The same problems apply to the issue of Europe. President Mattarella blocked Savona’s appointment, and everyone then rushed to deny any intention to take Italy out of the euro. The result is a political oxymoron: Enzo Moavero Milanesi, a chef de cabinet to former Prime Minister Mario Monti and one of Italy’s most committed europhiles, is foreign minister, but Savona stays in the cabinet as minister for Europe.

Salvini has only half-heartedly given up his opposition to the euro. He aims for an approach to immigration in the style of Hungarian Prime Minister Viktor Orbán and will look to Savona to fight his corner. Moavero will need to satisfy the president that the country will toe the Brussels line and keep a co-operative attitude. Support for the EU is diminishing, but at the same time Italians are strongly in favour of the idea of Europe (whatever that may be). It is an open question if Moavero will be able to steer a coherent course.
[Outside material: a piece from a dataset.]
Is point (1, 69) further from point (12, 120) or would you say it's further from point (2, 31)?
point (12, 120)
Will this government last? It has a comfortable majority in the Chamber of Deputies, and a slim one in the Senate, but should have no trouble in getting confirmed in parliament. Traditional alignments have been turned on their head in Italy, the distinction between left and right has lost all meaning and the country has entered uncharted political territory. The inevitable difficulty of translating the more extreme promises into legislation could increase the attraction of a snap election – as an in-or-out referendum on Europe and the meaning of Italian democracy.

The constraints posed by reality have not gone away. Financial markets, apart from last week’s flurry, have been largely subdued, but this may not last. It’s early days, but the coalition remains fragile and may not survive beyond the May 2019 European elections. After that, almost anything could happen.

Antonio Armellini was Italian Ambassador to India and Nepal from 2004-08. He is a Member of the OMFIF Advisory Board, International Institute for Strategic Studies and Istituto Affari Internazionali.